### Your assignment
Go through the listing below and repeat it exactly, omitting each picture.

### Dataset excerpt
----------------

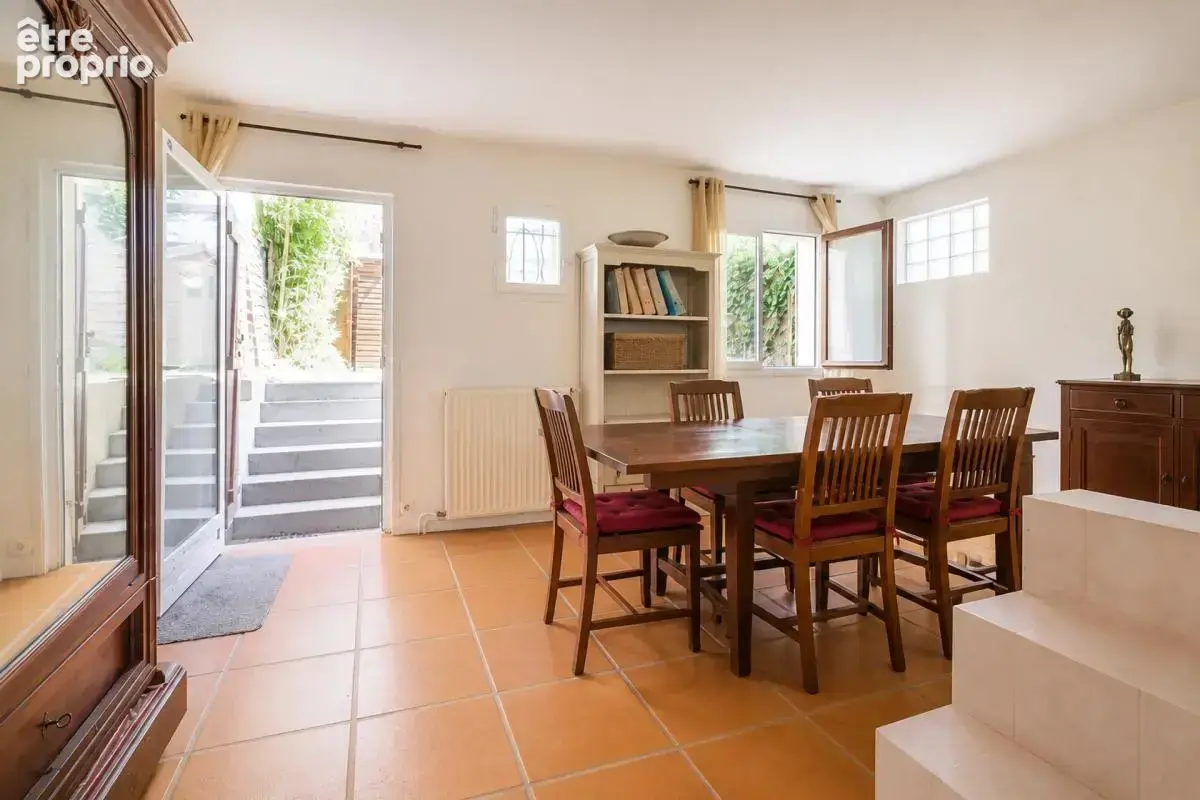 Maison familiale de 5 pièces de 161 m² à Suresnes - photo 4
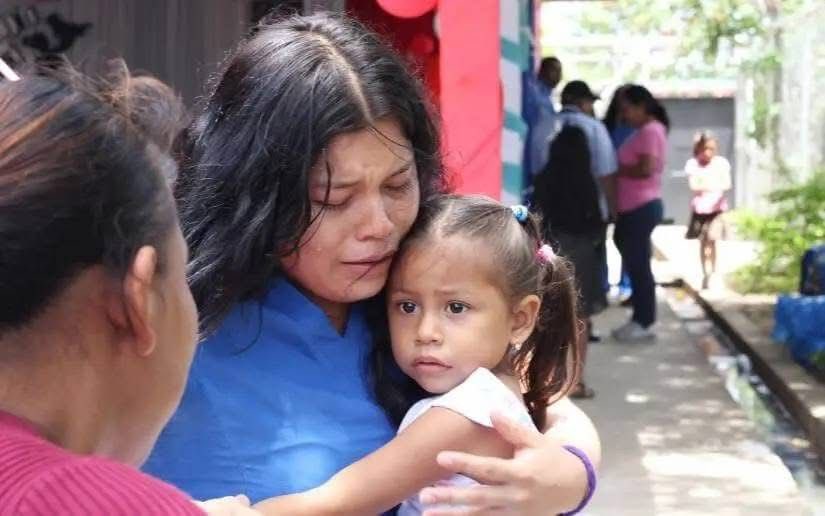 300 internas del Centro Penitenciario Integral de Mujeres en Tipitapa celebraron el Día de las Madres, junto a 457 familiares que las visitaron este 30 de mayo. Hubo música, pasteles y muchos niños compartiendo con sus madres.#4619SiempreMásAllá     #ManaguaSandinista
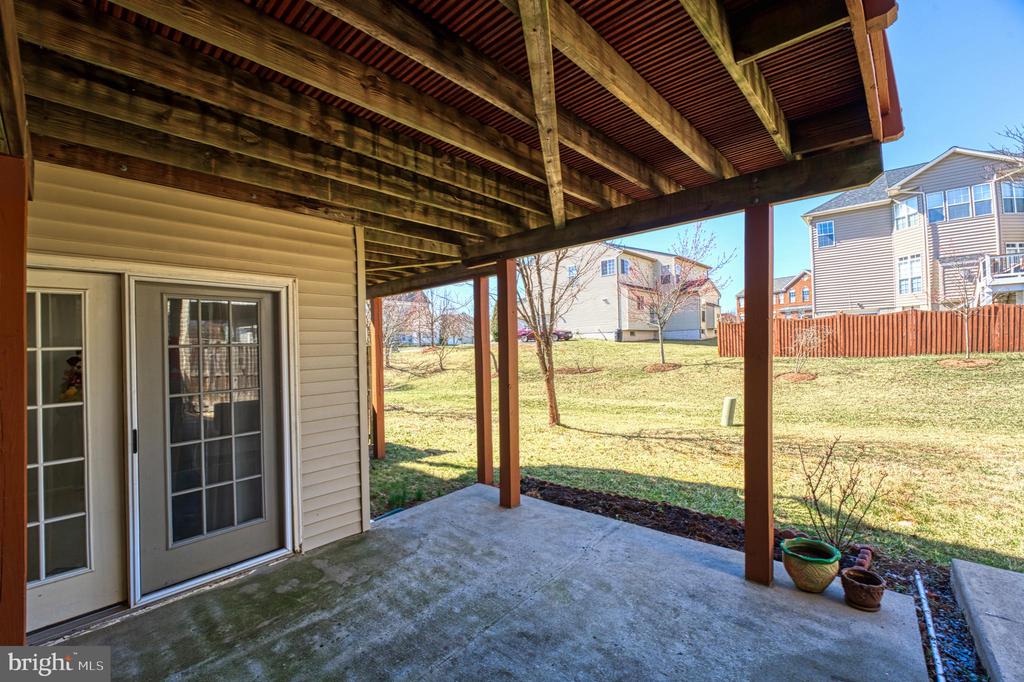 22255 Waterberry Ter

----------------

### Result for this exercise
 Maison familiale de 5 pièces de 161 m² à Suresnes - photo 4
 300 internas del Centro Penitenciario Integral de Mujeres en Tipitapa celebraron el Día de las Madres, junto a 457 familiares que las visitaron este 30 de mayo. Hubo música, pasteles y muchos niños compartiendo con sus madres.#4619SiempreMásAllá     #ManaguaSandinista
 22255 Waterberry Ter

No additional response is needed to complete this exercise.